Niecałe dwa miesiące temu Wielki Bu został aresztowany przez CBŚP w Hamburgu. Mężczyzna nadal przebywa w Niemczech i zdaje się, że nie chce on wracać do Polski. Całą sprawę skomentował szef MSZ Radosław Sikorski.

Plany Wielkiego Bu w związku z aresztem

Jak wiadomo, nie tak dawno temu obrona Wielkiego Bu chciała wnioskować o list żelazny. Jest to swego rodzaju gwarancja, która pozwala nie niestosowanie tymczasowego aresztu. Zamiast tego oskarżony zobowiązuje się do stawiennictwa przed sądem.
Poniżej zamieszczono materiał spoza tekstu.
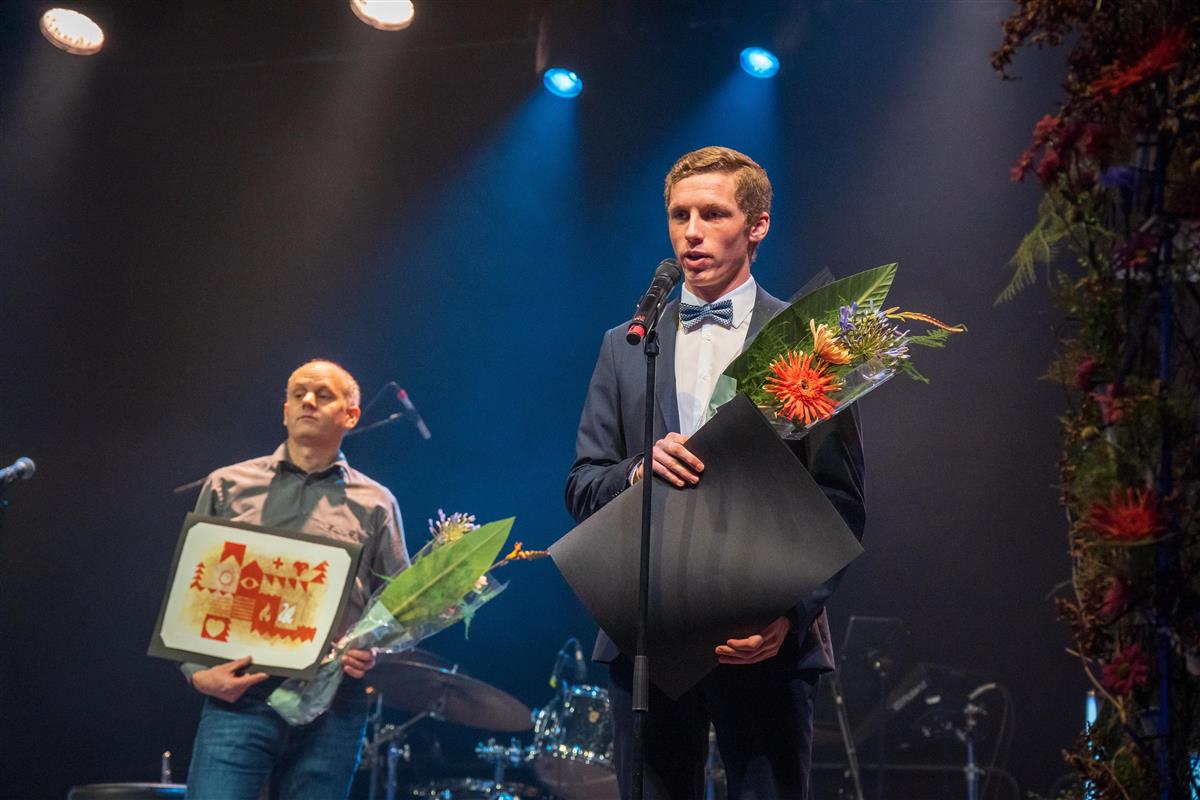 Vinner av Alf Mjøens kulturlegat, August Hovde - Klikk for stort bilde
Teraz okazuje się, że najprawdopodobniej mężczyzna obrał inną taktykę. W sieci pojawiły się bowiem informacje, że złożył wniosek o przyznanie mu azylu politycznego w Niemczech. Adwokat Wielkiego Bu Gregor P. Jezierski przedstawia sytuację następująco:

Chcemy wykazać przed sądem, a także przed urzędem do spraw imigracji, że w sprawie mojego klienta istnieje uzasadniona obawa, że stanie się on obiektem rozgrywek politycznych między rządem a urzędem Prezydenta

Radosław Sikorski zabiera głos

Zdecydowanie słowa o wykorzystaniu mężczyzny do zagrywek politycznych są ciekawym stwierdzeniem z ust jego adwokata. Do całej sprawy postanowił również odnieść się polityk, a dokładniej Radosław Sikorski.

Kibolski patriota Wielki Bu uznał, że Polska przestała być bezpieczna dla porywaczy, sutenerów i złodziei. Ale żeby uznać, że Niemcy są bardziej praworządne?! Nie mógł poprosić o azyl w Budapeszcie?

Jak widać, szef MSZ nie przebiera w słowach i wydaje się, że nie jest on zwolennikiem wspomnianego wniosku. Najbliższe tygodnie zapewne pokażą, jak to wszystko się potoczy.